EYE OF SOLITUDE is comprised of bassist Chris Davies and guitarist Mark Antoniades from SIDIOUS and subwoofing growler Daniel Neagoe, found in many other metal acts such as DEOS, COLUSUS, UNFATHOMABLE RUINATION and GOTHIC. Rounded by guitarist Indee Rehal-Sagoo, drummer Adriano Ferraro and keyboardist Pedro Caballero Clemente, the band implements a repetitive funeral fugue throughout "Canto III" that's pardonable beyond Daniel Neagoe's horrid retching, because everything else about this album is superbly crafted.
In most cases of the extensive six songs (or "Acts") on "Canto III", the dank death and doom measures that come flogging into play are bookended by articulated synths, chamber strings, piano and solemn cleans by Daniel Neagoe, who shows thankful dexterity. Neagoe is especially effective when chanting in Latin on "Between Two Worlds (Occularis Infernum)" and later with his empathetic swoon in the middle of "I Sat in Silence".
The somber yet enchanting piano lines from Pedro Caballero Clemente on the intro for "He Who Willingly Suffers" offers a despondent if extraordinary sense of vicariousness before the heavier progressions stamp into place and Neagoe dumps his putrid throat lava into the composition. The unholy combination of the two melds beauty and hideousness as grandiose guitar sweeps hover atop the forlorn plod of the song. Later, Neagoe intercedes with placid spoken word that grows in agitation overtop a reprise of Caballero Clemente's somber melody plus methodic snare and cymbal rides from Adriano Ferraro before the song flares once again with raging despair.

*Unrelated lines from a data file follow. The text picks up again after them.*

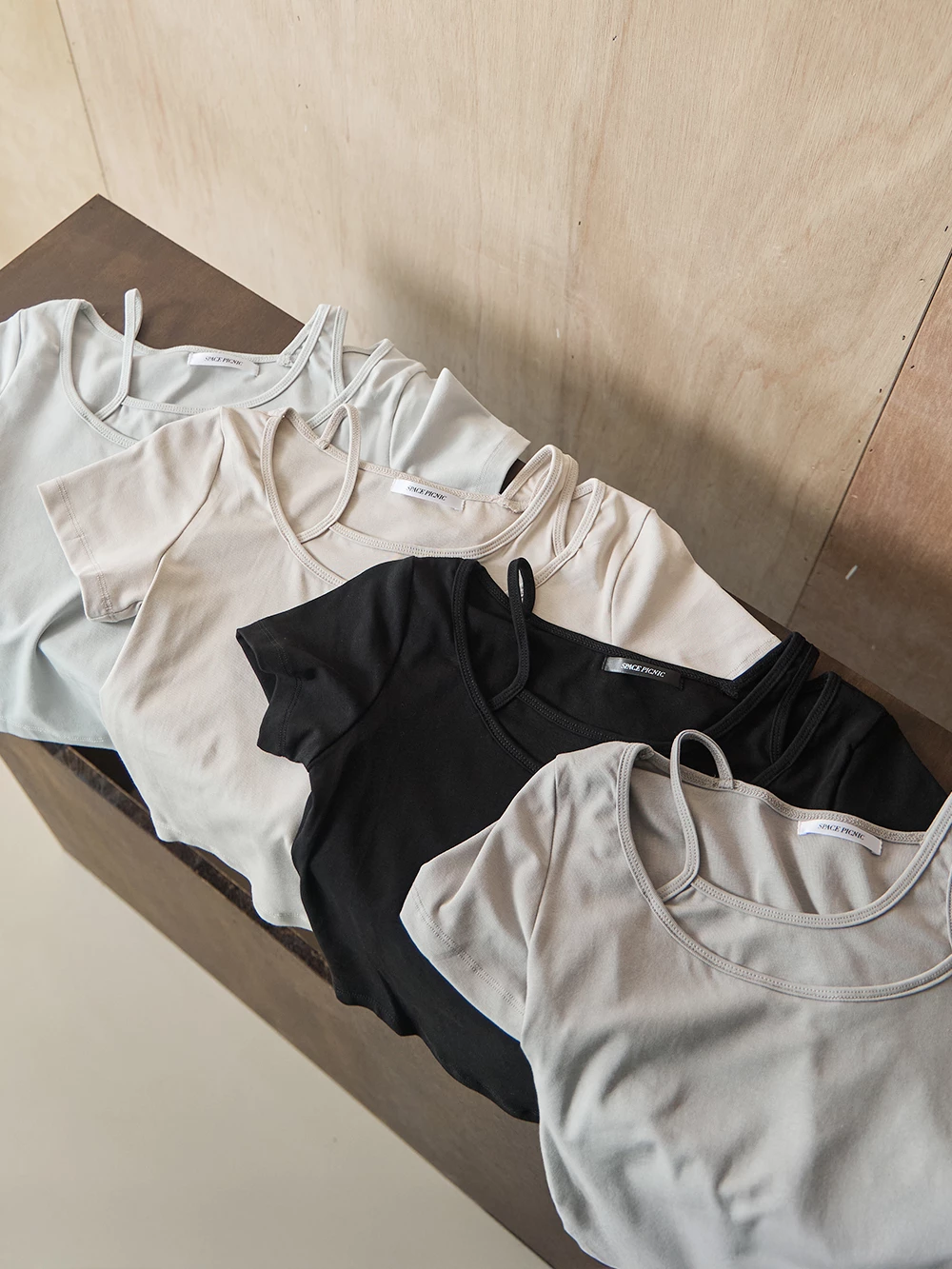 不對稱露肩假兩件上衣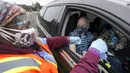 Douglas Burden (tengah), veteran Korps Marinir AS, menerima vaksin Covid-19 Pfizer di klinik vaksinasi keliling Sistem Perawatan Kesehatan Puget Sound VA di Shelton, Washington, Kamis (4/3/2021). Veteran segala usia bisa mendapatkan vaksin COVID-19 di klinik Puget Sound VA.  (AP Photo/Ted S. Warren)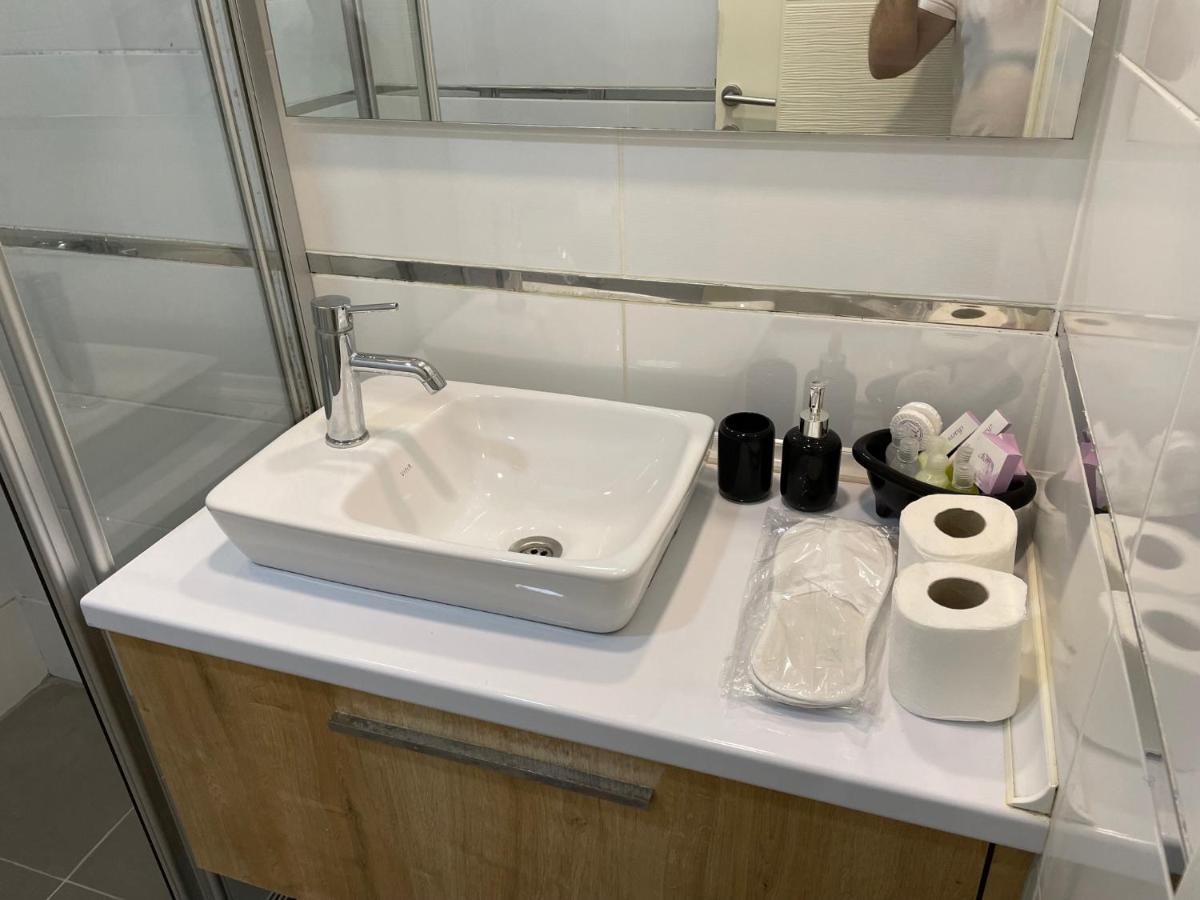Апартаменти Girne Merkez Cozy 2+1 Daire Wifi +Netflix Екстер'єр фото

By this time, newcomers to EYE OF SOLITUDE will be well onto their game, yet redundant as the band's scheme may be, it's addicting. These guys carefully sculpt their fusty compositions so that the eruptive double bass blasts manifesting incrementally in each piece are as climactic as Mark Antoniades and Indee Rehal-Sagoo's forsaken guitar curves and dazzling solos. EYE OF SOLITUDE has a keen ear for melody, so much the initial harmony guiding "The Pathway Had Been Lost" sounds like a lost and metalled-up early-years MISSION UK track. As "The Pathway Had Been Lost" momentarily surrenders to a lengthy but grandiose synth interpretation of the opening melody, Daniel Neagoe shiver-cries in clean mode before shrieking in torment behind a distressing yet striking guitar solo.

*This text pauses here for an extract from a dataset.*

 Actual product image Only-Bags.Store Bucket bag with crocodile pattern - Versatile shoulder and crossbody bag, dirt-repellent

Death seldom sounds welcoming, much less in music form, but outside of the unattractive and prolonged demon ralphs, EYE OF SOLITUDE might have pinched the corner on fugue doom. There's much to embrace with "Canto III", even with its concussive depression. If you move quickly, there's also a special two-disc edition with bonus material limited to 1,000 copies that's well worth your investment.